→ **EXERCISE OBJECTIVE**
Give back only the lines in the records below from the one with "Тверде мило Shik" to the one with "Peg Perego Viaggio", both inclusive, word for word.

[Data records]
▬▬▬

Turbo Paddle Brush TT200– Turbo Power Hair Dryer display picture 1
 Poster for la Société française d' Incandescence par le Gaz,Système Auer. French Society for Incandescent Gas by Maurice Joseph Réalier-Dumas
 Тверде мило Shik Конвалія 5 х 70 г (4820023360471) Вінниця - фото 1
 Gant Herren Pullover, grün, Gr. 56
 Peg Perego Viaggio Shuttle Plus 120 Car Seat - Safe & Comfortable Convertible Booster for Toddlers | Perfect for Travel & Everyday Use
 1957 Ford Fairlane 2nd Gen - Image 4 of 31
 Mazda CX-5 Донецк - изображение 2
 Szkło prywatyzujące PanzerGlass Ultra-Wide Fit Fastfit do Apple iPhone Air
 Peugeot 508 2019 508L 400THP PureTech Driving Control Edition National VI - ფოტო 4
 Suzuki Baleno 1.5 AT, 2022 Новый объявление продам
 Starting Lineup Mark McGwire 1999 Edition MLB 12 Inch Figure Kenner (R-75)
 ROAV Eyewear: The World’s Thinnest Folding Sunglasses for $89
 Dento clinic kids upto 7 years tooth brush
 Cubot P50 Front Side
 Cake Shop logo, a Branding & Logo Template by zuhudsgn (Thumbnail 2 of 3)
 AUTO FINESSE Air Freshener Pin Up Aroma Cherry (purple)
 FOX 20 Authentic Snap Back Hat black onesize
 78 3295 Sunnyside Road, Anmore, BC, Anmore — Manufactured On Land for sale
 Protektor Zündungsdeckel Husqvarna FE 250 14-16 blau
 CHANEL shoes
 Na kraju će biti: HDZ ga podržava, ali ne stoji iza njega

▬▬▬

→ **TASK RESULT**
 Тверде мило Shik Конвалія 5 х 70 г (4820023360471) Вінниця - фото 1
 Gant Herren Pullover, grün, Gr. 56
 Peg Perego Viaggio Shuttle Plus 120 Car Seat - Safe & Comfortable Convertible Booster for Toddlers | Perfect for Travel & Everyday Use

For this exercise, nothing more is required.